O ecoturismo começou na Chapada por volta de 1990, mas só agora pode-se dizer que ele esteja realmente estruturado. O trekking do Pati, por exemplo, sempre foi um roteiros mais famosos do local, mas para fazê-lo era preciso acampar e carregar os mantimentos da semana – o que “peneirava” os visitantes e não trazia sustento para os locais. Com esse esquema de dormir nas casas, o trekking ficou mais confortável para quem faz e passou a ajudar uma comunidade ímpar e especial a sobreviver. Com um efeito colateral dos mais desejados: a natureza intocada se transformou no ganha-pão e no bem mais precioso dos moradores. “O pessoal está entendendo muito. Num extrai mais palmito… dá mais trabalho que o turismo, né?”, diz seu Wilson, morador do vale desde que nasceu e um dos nativos que recebem os trekkeiros. “Para os moradores do Pati, o turismo é economia e educação”, concorda Vanderlan Barros de Oliveira, o Van, nosso guia no trekking. “Traz dinheiro, informação e consciência ecológica, porque inclui a comunidade”, completa. Quatro décadas depois da erradicação do café e 21 anos depois de ter sido declarado parte do então criado Parque Nacional, a mata está de volta ao Pati, desta vez para ficar.

 

DO LADO DE FORA DAS FORMAÇÕES QUE ABRAÇAM O VALE DO PATI, ficam os seis municípios que fazem parte do parque: Lençóis, Capão, Mucugê, Andaraí, Guiné, Igatu. A “borda” leste foi onde houve a mineração – em 1844 Cazuzinha do Prado achava o primeiro diamante; em 1875, no auge do garimpo, havia naqueles penhascos 35 mil homens lavando 50 km de encostas em busca de um brilho diferente entre as pedras. Em 1900, quando descobriram diamantes na África do Sul, o garimpo na Chapada diminuiu, mas não acabou. Em 1980 chegaram as dragas, máquinas barulhentas e destruidoras que sugaram e detonaram os leitos de rios como o Paraguaçu até o garimpo ser proibido, em 1994. “O exército chegou armado até os dentes e fechou todos os garimpos. Havia mais de 400 dragas cavando tudo”, lembra Van, que também já achou diamante. “Todo mundo aqui achou. Eu garimpava com meu avô. Colocava um punhado de terra na batéia, rodava ela e as pedras mais leves caíam, deixando os diamantes no fundo”. Hoje não existem mais dragas nem garimpos “oficiais”, mas muita gente ainda se sustenta com um ou outro diamante ou carbonato que achem.
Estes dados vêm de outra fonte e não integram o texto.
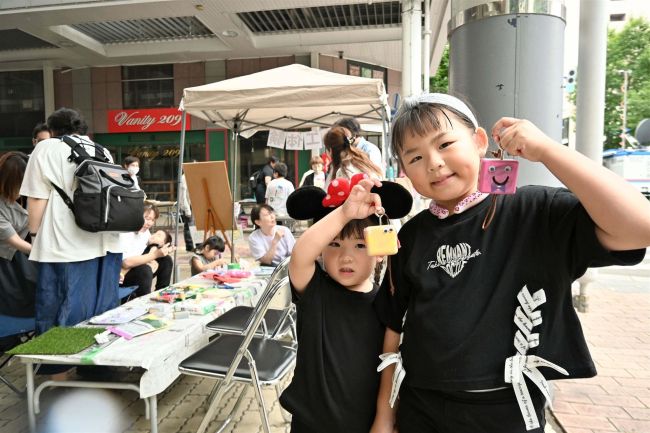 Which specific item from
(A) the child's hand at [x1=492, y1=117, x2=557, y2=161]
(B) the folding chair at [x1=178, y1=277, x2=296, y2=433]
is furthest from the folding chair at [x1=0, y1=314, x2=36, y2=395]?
(A) the child's hand at [x1=492, y1=117, x2=557, y2=161]

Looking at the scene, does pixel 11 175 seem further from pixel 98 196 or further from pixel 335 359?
pixel 335 359

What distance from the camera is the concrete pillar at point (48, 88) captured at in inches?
666

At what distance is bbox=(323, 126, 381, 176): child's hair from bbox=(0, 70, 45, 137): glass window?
17.7 metres

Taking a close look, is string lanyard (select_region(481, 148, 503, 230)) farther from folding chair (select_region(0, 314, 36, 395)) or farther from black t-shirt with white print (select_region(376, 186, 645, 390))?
folding chair (select_region(0, 314, 36, 395))

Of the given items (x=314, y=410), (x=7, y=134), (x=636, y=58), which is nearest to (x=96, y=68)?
(x=7, y=134)

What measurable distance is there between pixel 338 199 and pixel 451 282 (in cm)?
47

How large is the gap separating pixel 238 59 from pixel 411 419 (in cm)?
1677

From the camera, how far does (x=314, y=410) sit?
140 cm

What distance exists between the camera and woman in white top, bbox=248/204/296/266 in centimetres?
496

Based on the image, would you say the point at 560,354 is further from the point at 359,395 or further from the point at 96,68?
the point at 96,68

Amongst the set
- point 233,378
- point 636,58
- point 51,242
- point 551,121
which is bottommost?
point 233,378

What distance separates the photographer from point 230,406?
3209 millimetres

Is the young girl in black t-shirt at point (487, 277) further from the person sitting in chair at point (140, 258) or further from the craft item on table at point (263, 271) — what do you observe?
the person sitting in chair at point (140, 258)

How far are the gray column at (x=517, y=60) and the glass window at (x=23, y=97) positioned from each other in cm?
1927
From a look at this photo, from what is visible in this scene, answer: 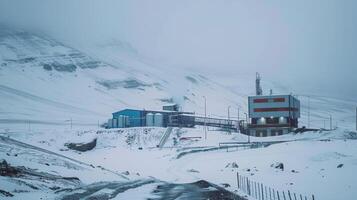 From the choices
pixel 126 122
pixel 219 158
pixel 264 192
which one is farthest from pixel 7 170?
pixel 126 122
Saímos de Lençóis numa Toyota 4 x 4 rumo ao Capão, onde começam as trilhas para a cachoeira da Fumaça e para o PatI. No caminho, passamos – eu, Van, o fotógrafo Daumer e o advogado em férias Jum, que juntou-se ao grupo na última hora – por Palmeiras, uma cidade com altos índices de desemprego e alcoolismo. Van nasceu lá. Quando paramos o jipe para ele cumprimentar um amigo, um menino se aproxima e pede comida. Dou minha barra de carboidrato achando que não era lá grande oferta, mas ele a devora sem tirar os olhos dos meus. “Palmeiras e Andaraí ainda não conseguiram se encaixar na ‘nova economia’ do turismo”, conta Van. “Alguns trabalham na prefeitura, outros são aposentados, mas a pobreza é muito grande”.
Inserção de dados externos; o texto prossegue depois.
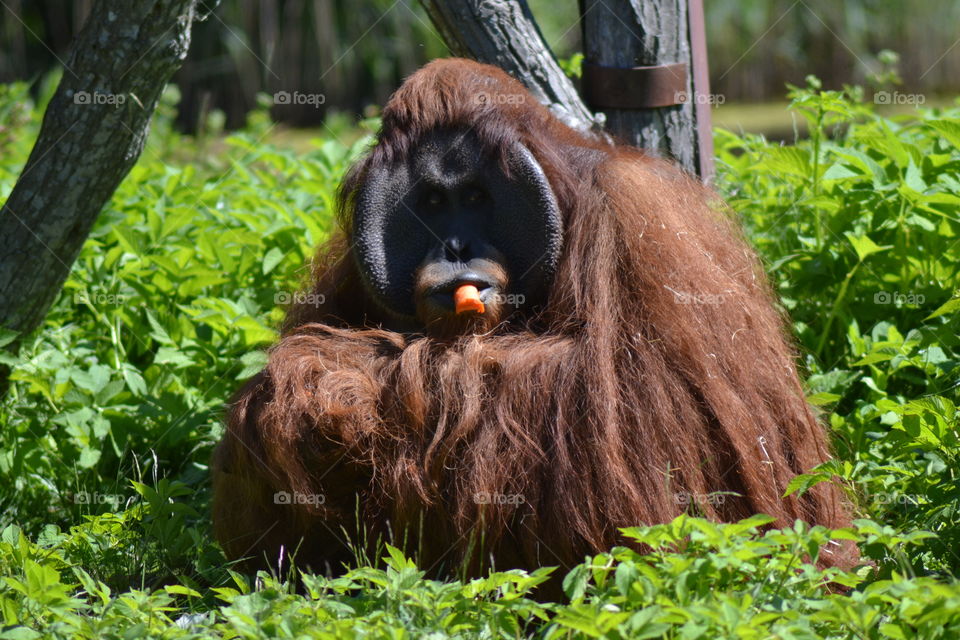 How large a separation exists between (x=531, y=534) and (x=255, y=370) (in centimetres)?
120

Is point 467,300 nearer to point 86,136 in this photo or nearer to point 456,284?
point 456,284

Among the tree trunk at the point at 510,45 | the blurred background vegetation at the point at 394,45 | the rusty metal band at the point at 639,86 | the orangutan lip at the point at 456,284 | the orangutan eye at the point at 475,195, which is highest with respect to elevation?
the blurred background vegetation at the point at 394,45

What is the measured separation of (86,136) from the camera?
124 inches

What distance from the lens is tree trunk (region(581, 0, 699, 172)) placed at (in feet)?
11.7

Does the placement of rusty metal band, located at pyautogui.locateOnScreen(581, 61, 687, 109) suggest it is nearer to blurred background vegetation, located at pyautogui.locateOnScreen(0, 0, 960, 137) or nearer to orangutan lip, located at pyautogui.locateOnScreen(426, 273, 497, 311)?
→ orangutan lip, located at pyautogui.locateOnScreen(426, 273, 497, 311)

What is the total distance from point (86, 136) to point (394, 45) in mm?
6980

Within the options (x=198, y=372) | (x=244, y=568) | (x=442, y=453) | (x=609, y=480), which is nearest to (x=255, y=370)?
(x=198, y=372)

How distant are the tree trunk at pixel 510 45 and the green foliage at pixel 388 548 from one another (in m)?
0.71

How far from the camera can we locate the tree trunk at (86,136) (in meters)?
3.06

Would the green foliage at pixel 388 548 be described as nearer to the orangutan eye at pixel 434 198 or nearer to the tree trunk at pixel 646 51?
the tree trunk at pixel 646 51

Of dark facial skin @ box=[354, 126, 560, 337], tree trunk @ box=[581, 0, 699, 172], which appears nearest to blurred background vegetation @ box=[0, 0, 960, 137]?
tree trunk @ box=[581, 0, 699, 172]

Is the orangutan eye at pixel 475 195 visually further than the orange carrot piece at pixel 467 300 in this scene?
Yes

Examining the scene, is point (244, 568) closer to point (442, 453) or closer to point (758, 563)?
point (442, 453)

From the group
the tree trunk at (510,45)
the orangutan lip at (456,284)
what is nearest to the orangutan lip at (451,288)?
the orangutan lip at (456,284) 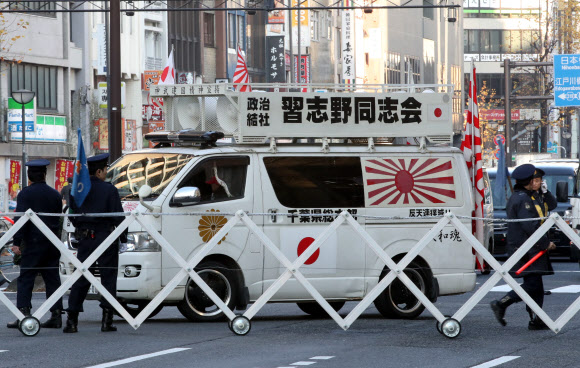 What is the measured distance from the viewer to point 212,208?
15062 millimetres

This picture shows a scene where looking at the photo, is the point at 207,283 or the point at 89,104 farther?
the point at 89,104

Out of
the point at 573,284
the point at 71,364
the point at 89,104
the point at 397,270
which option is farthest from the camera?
the point at 89,104

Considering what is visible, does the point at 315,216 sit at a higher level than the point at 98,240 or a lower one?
higher

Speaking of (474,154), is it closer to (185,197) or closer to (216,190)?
(216,190)

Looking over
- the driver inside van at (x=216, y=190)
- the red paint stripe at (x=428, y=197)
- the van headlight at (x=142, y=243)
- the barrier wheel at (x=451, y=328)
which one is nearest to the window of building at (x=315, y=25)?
the red paint stripe at (x=428, y=197)

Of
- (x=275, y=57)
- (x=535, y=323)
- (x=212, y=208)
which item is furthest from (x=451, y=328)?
(x=275, y=57)

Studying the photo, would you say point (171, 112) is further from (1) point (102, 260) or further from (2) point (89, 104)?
(2) point (89, 104)

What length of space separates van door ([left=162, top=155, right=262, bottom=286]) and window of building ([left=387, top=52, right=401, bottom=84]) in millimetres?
77244

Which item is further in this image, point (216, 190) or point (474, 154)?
point (474, 154)

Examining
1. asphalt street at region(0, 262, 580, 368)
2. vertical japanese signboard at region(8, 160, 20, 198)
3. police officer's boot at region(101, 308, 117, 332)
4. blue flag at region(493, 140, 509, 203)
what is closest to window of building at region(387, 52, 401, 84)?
vertical japanese signboard at region(8, 160, 20, 198)

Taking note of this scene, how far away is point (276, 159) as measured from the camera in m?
15.5

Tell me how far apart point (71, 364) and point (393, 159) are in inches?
225

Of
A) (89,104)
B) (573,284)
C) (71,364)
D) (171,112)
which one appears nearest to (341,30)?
(89,104)

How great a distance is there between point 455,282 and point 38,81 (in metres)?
35.9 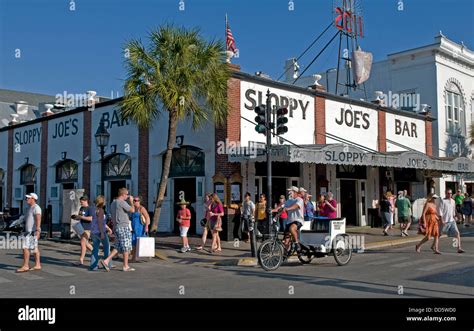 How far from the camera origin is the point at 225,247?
15.9m

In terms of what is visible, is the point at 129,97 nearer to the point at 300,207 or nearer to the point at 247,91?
the point at 247,91

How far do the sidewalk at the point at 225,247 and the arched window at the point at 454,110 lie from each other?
13358 millimetres

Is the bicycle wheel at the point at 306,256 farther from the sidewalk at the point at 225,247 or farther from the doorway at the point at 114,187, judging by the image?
the doorway at the point at 114,187

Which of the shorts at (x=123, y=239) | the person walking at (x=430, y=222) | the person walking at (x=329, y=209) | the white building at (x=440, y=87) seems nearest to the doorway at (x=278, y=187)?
the person walking at (x=329, y=209)

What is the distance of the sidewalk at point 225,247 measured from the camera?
43.6 ft

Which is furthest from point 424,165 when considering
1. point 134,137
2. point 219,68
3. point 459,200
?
point 134,137

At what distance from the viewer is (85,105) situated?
82.2 ft

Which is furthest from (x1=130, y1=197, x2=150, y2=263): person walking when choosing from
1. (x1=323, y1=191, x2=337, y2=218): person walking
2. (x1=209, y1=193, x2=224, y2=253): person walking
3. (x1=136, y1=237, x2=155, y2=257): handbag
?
(x1=323, y1=191, x2=337, y2=218): person walking

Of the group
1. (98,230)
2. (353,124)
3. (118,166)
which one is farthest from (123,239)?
(353,124)

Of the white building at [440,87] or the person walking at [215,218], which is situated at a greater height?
the white building at [440,87] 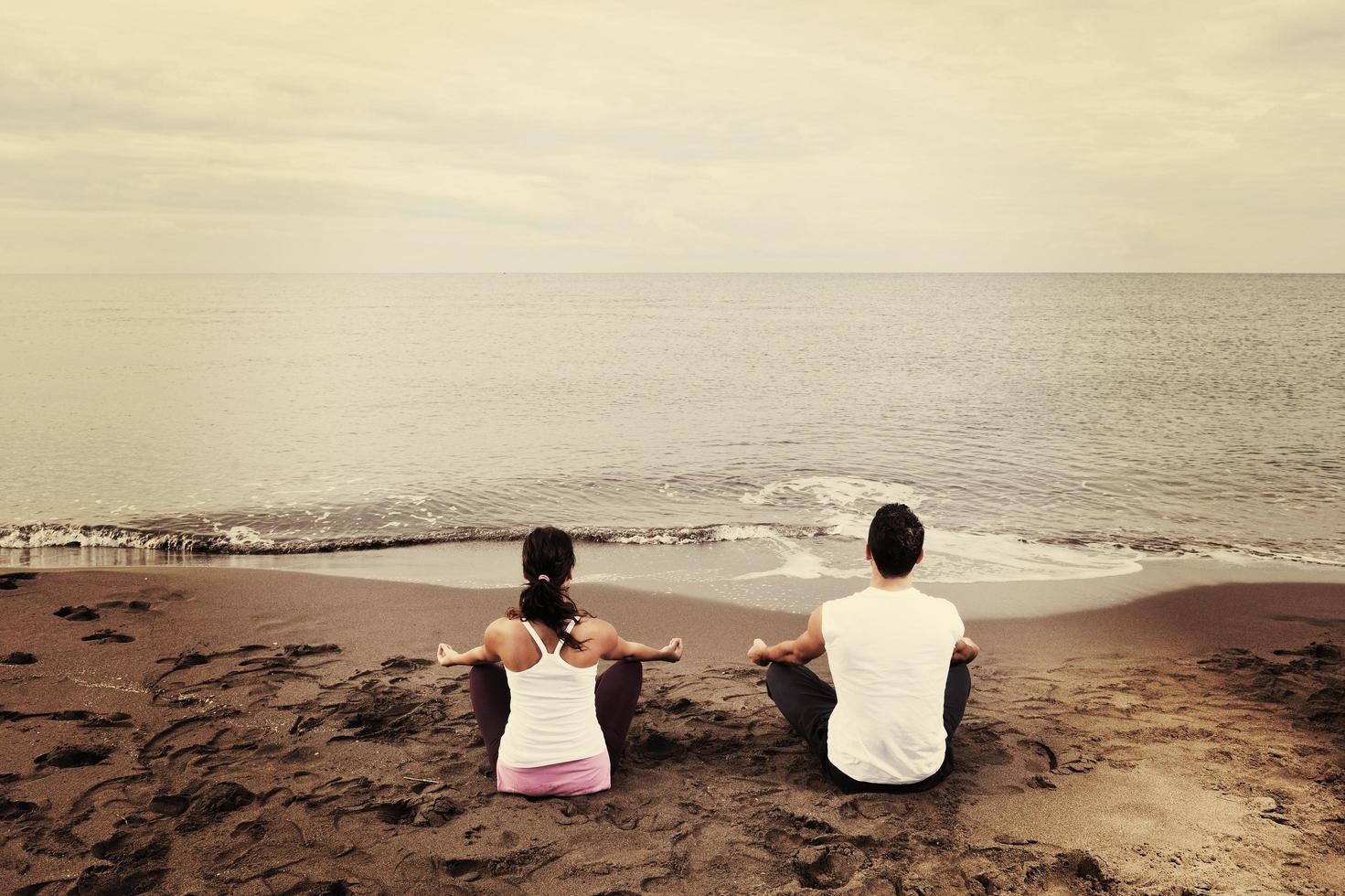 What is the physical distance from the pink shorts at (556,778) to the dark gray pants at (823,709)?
1136mm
Começamos a trilha somente com a mochila de ataque com casaco impermeável, comida para o dia, lanterna de cabeça e protetor solar. Nossas mochilas com as roupas para a semana seguiram com os carregadores que a cada dia transportariam nossas coisas até a nossa próxima parada. Pelas nove horas que levariam para ir, deixar nossas malas e voltar para casa, nossos “sherpas” receberiam R$40 – quatro vezes mais do que ganhariam trabalhando nas plantações de hortaliças ou batata em Mucugê.
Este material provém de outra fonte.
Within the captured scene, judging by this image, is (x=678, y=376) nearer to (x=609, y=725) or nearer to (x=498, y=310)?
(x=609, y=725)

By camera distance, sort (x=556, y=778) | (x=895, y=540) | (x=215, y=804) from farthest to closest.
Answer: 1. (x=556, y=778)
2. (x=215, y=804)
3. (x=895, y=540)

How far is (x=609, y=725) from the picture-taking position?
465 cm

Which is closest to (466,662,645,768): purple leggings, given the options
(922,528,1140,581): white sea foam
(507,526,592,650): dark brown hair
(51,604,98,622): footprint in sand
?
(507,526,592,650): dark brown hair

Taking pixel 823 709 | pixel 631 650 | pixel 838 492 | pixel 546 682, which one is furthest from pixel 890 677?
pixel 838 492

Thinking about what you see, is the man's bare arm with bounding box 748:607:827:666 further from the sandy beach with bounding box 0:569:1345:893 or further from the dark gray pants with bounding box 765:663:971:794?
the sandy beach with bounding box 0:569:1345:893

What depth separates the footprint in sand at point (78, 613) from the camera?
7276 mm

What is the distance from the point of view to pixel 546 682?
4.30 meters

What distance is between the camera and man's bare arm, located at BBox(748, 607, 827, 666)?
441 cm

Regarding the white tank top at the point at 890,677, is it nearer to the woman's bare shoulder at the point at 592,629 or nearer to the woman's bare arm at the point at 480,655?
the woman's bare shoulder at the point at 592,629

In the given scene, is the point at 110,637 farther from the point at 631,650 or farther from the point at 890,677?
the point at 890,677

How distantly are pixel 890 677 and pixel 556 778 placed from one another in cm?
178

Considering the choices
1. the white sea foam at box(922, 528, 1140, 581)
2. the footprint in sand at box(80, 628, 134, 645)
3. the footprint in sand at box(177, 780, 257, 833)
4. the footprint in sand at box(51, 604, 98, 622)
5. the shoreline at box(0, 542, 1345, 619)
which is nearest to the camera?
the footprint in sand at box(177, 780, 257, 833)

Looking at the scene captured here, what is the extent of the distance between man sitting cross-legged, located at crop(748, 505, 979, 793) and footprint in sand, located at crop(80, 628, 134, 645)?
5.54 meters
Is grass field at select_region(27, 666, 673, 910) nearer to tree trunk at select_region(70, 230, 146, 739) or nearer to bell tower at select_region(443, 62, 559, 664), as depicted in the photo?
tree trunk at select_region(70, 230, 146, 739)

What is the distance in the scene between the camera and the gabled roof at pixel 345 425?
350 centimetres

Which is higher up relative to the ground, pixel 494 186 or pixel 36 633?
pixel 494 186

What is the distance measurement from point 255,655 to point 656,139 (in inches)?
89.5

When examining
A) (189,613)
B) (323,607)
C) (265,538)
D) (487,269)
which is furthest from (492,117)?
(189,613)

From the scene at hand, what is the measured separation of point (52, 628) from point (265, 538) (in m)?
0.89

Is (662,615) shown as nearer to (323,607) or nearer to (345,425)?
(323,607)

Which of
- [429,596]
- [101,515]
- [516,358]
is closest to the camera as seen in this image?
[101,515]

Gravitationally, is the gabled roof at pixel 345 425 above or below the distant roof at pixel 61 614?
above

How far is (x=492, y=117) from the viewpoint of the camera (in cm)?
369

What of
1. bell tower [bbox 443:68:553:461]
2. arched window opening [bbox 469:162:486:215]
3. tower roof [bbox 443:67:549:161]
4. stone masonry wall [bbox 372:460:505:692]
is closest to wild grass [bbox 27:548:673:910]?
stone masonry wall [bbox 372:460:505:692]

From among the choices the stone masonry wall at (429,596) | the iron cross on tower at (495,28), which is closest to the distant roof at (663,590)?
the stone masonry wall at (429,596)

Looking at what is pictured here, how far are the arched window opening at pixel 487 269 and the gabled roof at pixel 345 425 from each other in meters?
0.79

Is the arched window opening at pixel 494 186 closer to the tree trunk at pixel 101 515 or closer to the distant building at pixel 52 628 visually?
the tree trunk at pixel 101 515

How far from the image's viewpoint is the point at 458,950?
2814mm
Nesse dia passamos pelos gerais (como eles chama as planícies de altitude dentro do vale) dos Vieira e subimos mais um pouco para as gerais do rio Preto. Depois despencamos pela “Rampa” – nome perfeito para aquela descida praticamente vertical – até a trilha para a casa de Seu Wilson. No caminho já paramos na cachoeira do Funil, que no roteiro “original” do trekking seria feita só no dia seguinte. Queríamos aproveitar o nosso ritmo bom de caminhada para fazer um rolê “bônus”: conhecer o Cachoeirão por cima.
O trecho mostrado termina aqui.